The concept of HOME came to Logan shortly after graduating from Belmont with a Bachelor’s in Music Business in December 2016, but it wasn’t until March 2017 that Logan found the perfect place for his innovative business concept, a membership-based, non-profit facility catering to musicians who wish to grow their career in a “bootstrapping” industry.
Of course, Logan had been searching for the perfect spot immediately after hatching his idea. About one year later, in January of 2017, Logan finally had his eyes aimed at a seemingly perfect storefront on the 700 block of Main Street . . .
. . . This is the enchanting story of Logan finding 615 Main St. in his own words:
Back in January 2017, on the back side of [what’s now] the UPS Store, there is a stairwell that goes down to this underground venue that my buddy Gambino ran. He was leasing this underground venue creative space, calling it MAIN (Music Arts and Innovation Nashville). His goal then was to put a studio in it, and do shows and video shoots there.
Somehow [Gambino and I] get on the topic that the space right above it is vacant. We start talking to a leasing agent to turn the storefront into HOME, have MAIN below, and share the venue space. The partnership idea gets so serious that I end up going and getting a $50,000 small business loan from a bank in Arkansas that my family has worked with. The space I want to build out is maybe 1,000 sq. ft [HOME’s current space is 4,000 sq. ft], and I want to put a couple of writer’s rooms, a little studio, and a conference room in there. You start small, and you just grow it, make it manageable.
That’s not really what the universe had in store. After 2 or 3 days trying to get hold of the leasing agent to send us a lease, Gambino hits me up and says,
“Man, I heard from them. It’s not going to happen. They went with a different tenant.”
Of course, my heart sinks. I thought the location was so perfect! It was so close. We were on Main Street! How could I ever find a place that would be that cool again?
But because of my other life experiences that have made me so resilient, the other voice kicks into my head and says,
“No. There’s something better out there for you. Get up right now, and just start driving.”
That’s what I do. I stand up, I hop in my vehicle, and I just start driving up and down Main Street to spot “For Lease” signs.
After talking on the phone with a couple of people that day, I drive back to my house. However, my search isn’t over. I tell myself, “Just Google ‘Nashville workspace,”’and Center 615 is the first thing that pops up. I click on it, and then I call.
Autumn answers the phone. I ask her about what is available, and she says,
“Well, have you been here?”
The only other time I had been at Center 615 was for an ABC class, whenever I was bartending over a year prior. Thinking it would be good to visit to refresh my memory, I say to Autumn over the phone,
“I’m not very far away. Do you have time to show me around right now if I just drove down there?”

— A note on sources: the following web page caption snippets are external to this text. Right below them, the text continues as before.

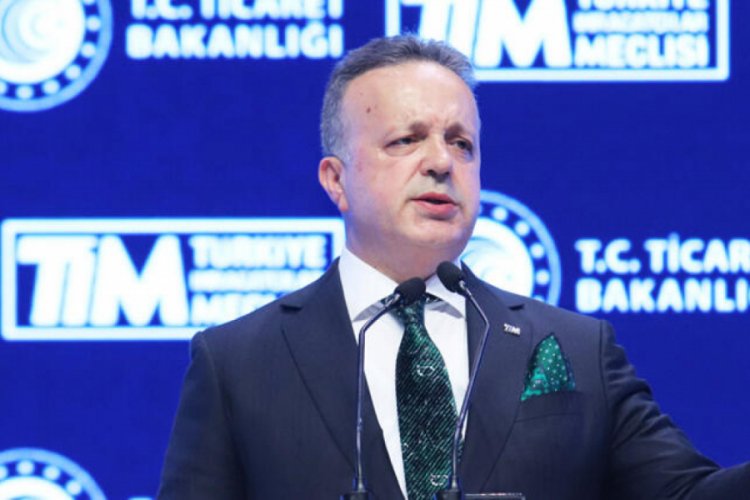 TİM Başkanı G&uuml;lle: "Pandemi sonrası normalleşmede G&uuml;mr&uuml;k Birliği hızla revize edilmeli"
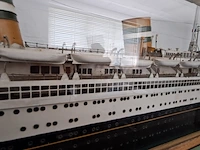 Miniatuurboot "nieuw amsterdam" - afbeelding 30 van  36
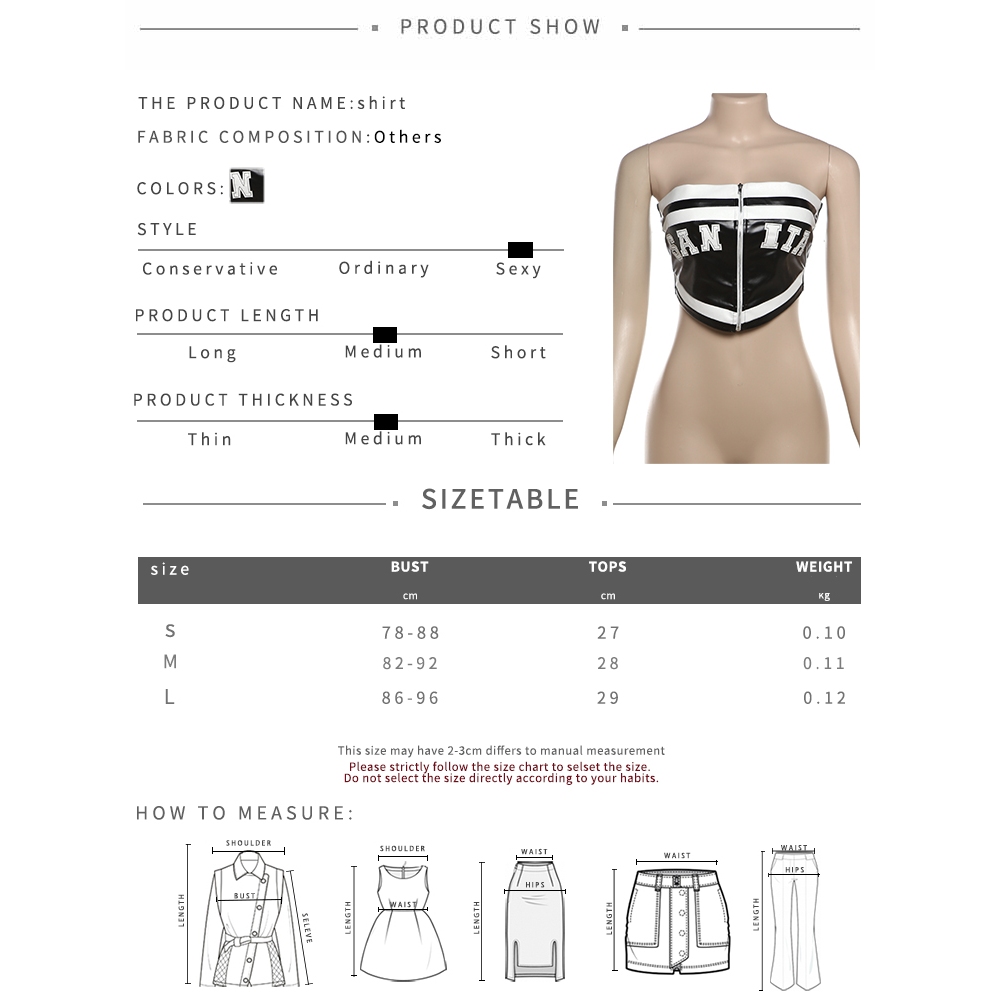 Cutenew Da PU In Chữ Ống Top Cho Nữ Mùa Hè 2024 Gợi Cảm Không Tay Lưng Tank Top Đảng Câu Lạc Bộ Y2K Phong Cách Đường Phố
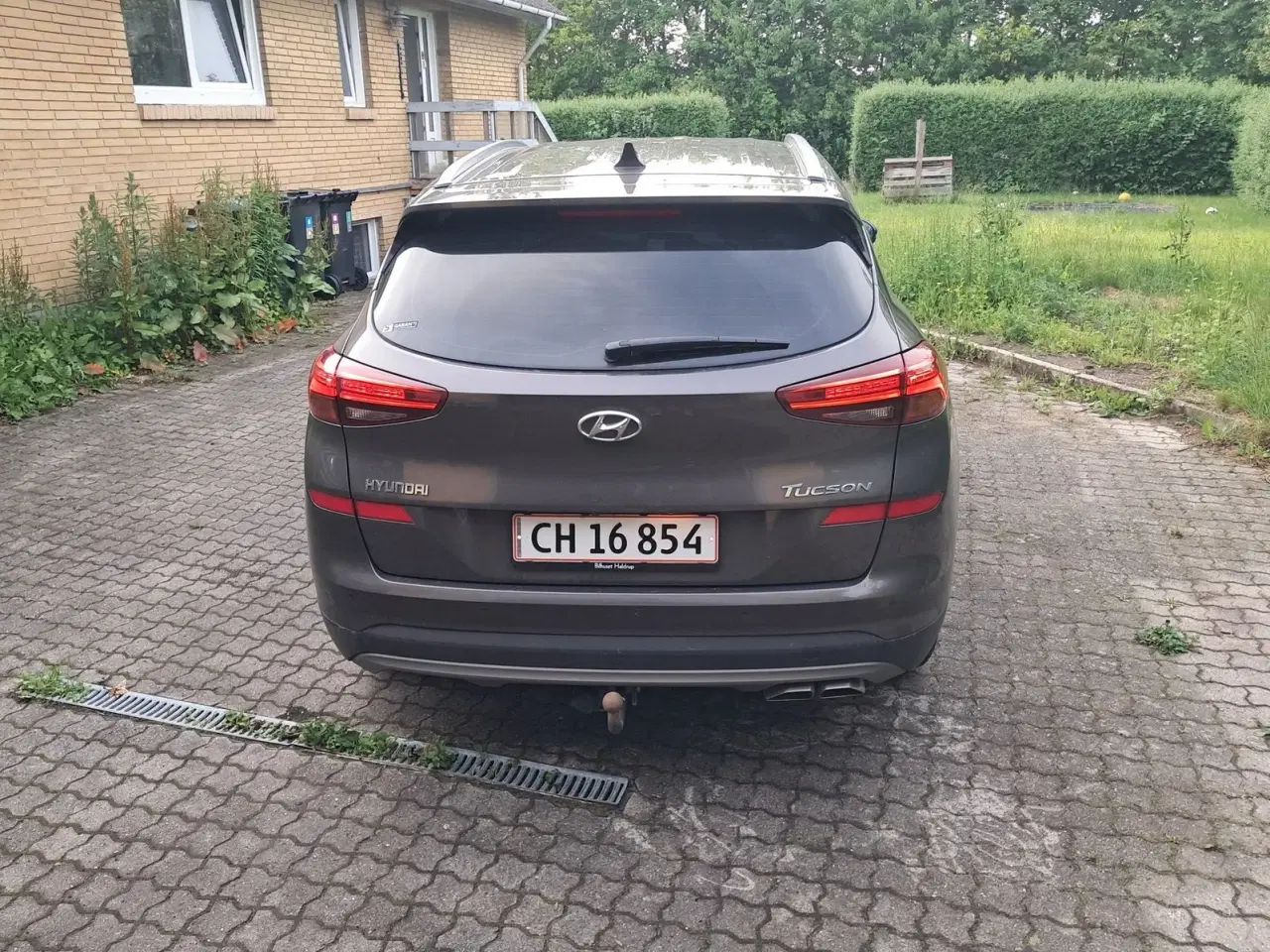 Billede 6 - Hyundai Tucson 1,6 CRDi 136 Nordic Edition DCT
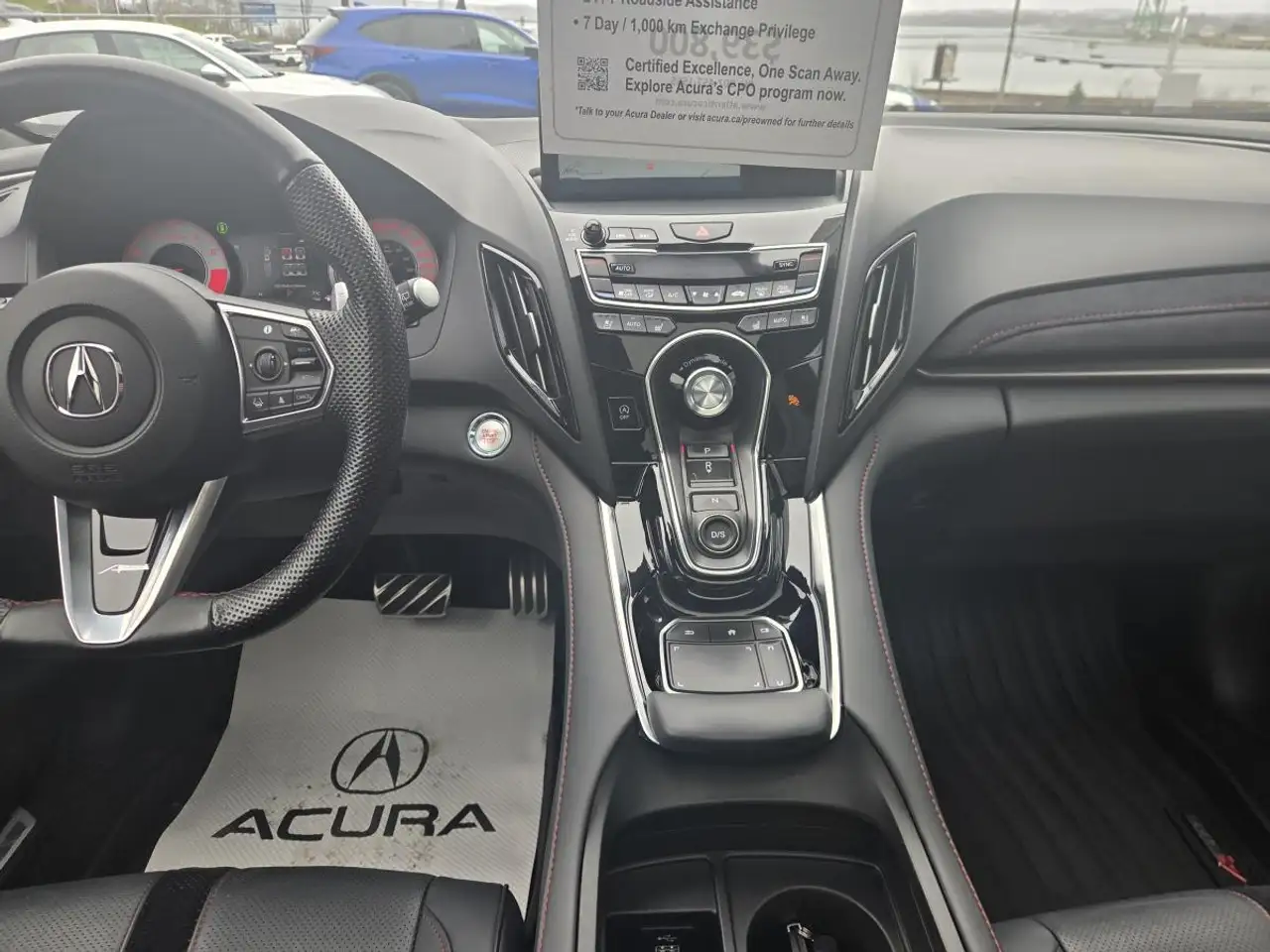 Acura RDX снимка Acura RDX
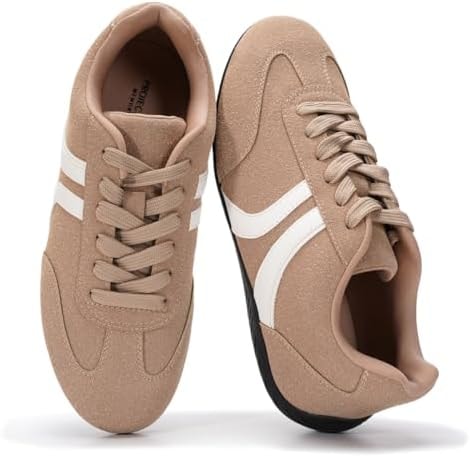 PROJECT CLOUD 100% Genuine Leather Sneakers For Womens - Shoes for women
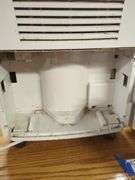 GE Dehumidifier with Hose Connection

And she replies, “Sure, come on down.”
Once I walk in for the tour, she starts asking about what my price range is. I say,
“Look, I’m trying to get the cheapest thing possible. I don’t think that you guys have anything here that’s really going to do what I need it to do.”
But regardless, I need to start having meetings, and I need to get out of my house, basically.
Autumn shows me around and walks me through all the vacant spaces. One of the first stops on the tour is an office over by the Trillian room. That office splits off into two spaces, one on the left and one on the right. Another plus for that spot is the two exterior walls. I thought, if there’s one place in the building where I can be loud a lot, it’s there. It could have worked, but it was maybe $1,500 a month or something crazy that I couldn’t wrap my head around. So I say,
“Just show me the Designated Desk situation you have.”
Autumn shows me all the cubicles and the roof deck. I think to myself, “This is a really really cool place!” I start heading out the Main Street entrance, but I intuitively stop in my tracks, turn to Autumn, and say,
“Do you mind showing me that very first one again? The one that kind of had two offices?”
Autumn replies, “No, I don’t mind.”
We go back in there, and there’s a man inside wearing a tool belt and spackling a wall, getting it ready for the next tenant since it’s vacant. Autumn comments,
“Oh, don’t worry about him. That’s the owner, Christian.”
I think to myself, “Okay, that’s kind of weird that the owner is in here doing this stuff.”
I say to Autumn, “So, why are there no windows in this room?” Immediately, I add,”‘Oh, that’s a rhetorical question. You’re not supposed to be able to answer that.”
Christian perks his head up and says, “I might be able to answer it! What was the question?”
“I’m asking why there are no windows in that office? It’s got two exterior walls.”
He says, “Well, when I bought the building, I couldn’t afford to put windows in that office.”
To which I reply, “Oh, that’s a really good reason.”
And so he goes, “Well, tell me about you. What do you do?”
“I’m just looking for the cheapest option. I’ve got this business concept I’m trying to do.”
“What is it? Tell me what you do?”
“Well, what I really need is 24/7 rehearsal space, a recording studio, a small venue, and some co-working spaces. It would be a membership-based thing. It’s a music community and a non-profit.”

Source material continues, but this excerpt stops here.